The Elephant's Child said...

'not with a bang, but with a whimper'. I don't know - and cannot believe that the media will be calm or dignified.

Brian Miller said...

well i guess it would not be bad to be able to see the end of all...the concluding broadcast of this existence...and it be a whimper and not one final hollywood explosion...

Jim Murdoch said...

When I turn on the news in the mornings I quite often say to my wife, “Let’s see if the world ended last night,” as if it wouldn’t be real unless the BBC told us so. I think you can only panic for so long. I remember a scene from Bill and Ted’s Bogus Journey where they fall into blackness, scream, continue to scream, scream a bit more and then stop screaming because nothing’s happened. In the seventies all the jokes were about how we would fill the four minutes we would find ourselves with before the bomb dropped but what about Lars von Trier’s Melancholia which was inspired by a depressive episode the director suffered and the insight that depressed people remain calm in stressful situations? After an initial panic, once people realised that the end was coming and there is no deep core drilling team ready to jump on a shuttle to save us, as in Armageddon, I do expect that, as in, Children of Men, a great many people would calmly sit and wait for the end. Where is there to run to? Oh, yes, there will the odd person capable of living every day as if it was their last but I’m sure they would be in the minority. We can rage against the dying of the light all we like but even anger burns out after a time. I think depression would reach pandemic proportions long before the end came.

Daydreamertoo said...

I want to be there too. I wonder if there will be anyone left to say 'Hello, is there anyone there?'
LOL
Maybe we'll all find out on Dec 21st and on the 22nd when we're all still here doing the same ole same ole.. we'll know ;)

Rachna Chhabria said...

Ah..the end of the world. We are moving closer to it.

manicddaily said...

I can't imagine something like this would occur gently - not if there were a broadcast. Maybe at a time after broadcasts have ended; then perhaps there may be some gentle sighing sigh. But not, I think, if it comes at a time when there are still television transmitters. That said, the poem itself has a lovely cadence and feeling of nostalgia - for the way things were, perhaps, when the idea of an end brought togetherness. (Not sure that was ever really true though. Just don't know.) K.

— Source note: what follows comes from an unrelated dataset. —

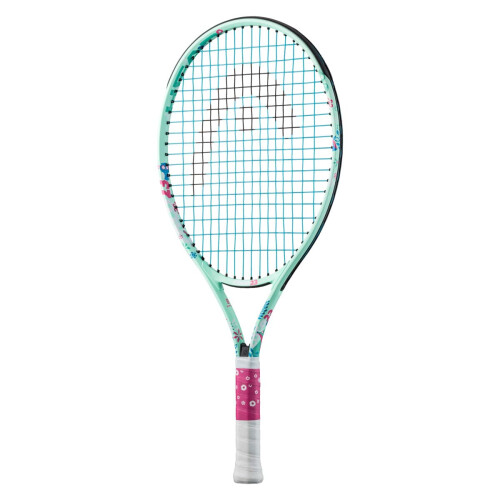 HEAD HEAD Coco 23 Tennis Racket, Mint, 6-8 Years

Tommaso Gervasutti said...

Right, neither "a bang" nor " a whimper", this tranquillity at the end is a prospect I can truly share.

cloudia charters said...

here you up-end the average view of such a day as a block-buster Hollywood noise-fest.

I like your conjectures, much better and would love to be there to discuss it with you, Dave.

Excellent investment of my time to visit you as ALWAYS!


Admiring Aloha from Honolulu
Comfort Spiral

> < } } (°>

Jenny Woolf said...

I find this somehow very disquieting, but that's partly a tribute to how well you have written it

Carl said...

Nice image though I fear otherwise in the manner of the demise.

A Cuban In London said...

Who hasn't often thought about the same scenario? Usually prompted by a book, a film, or... a poem, like yours. Would I like to be there? Only if I get to survive. And if I get to say the phrase that will follow:

And that starts it anew. :-)

Greetings from London.

Ygraine said...

Wow, this is deep stuff!
Think I'd join you there Dave. I've often wondered what the end would be like, not out of idle curiosity, but of compassionate understanding...

Mary said...

Really interesting to contemplate, Dave. As for me, I prefer all to happen after I am long gone.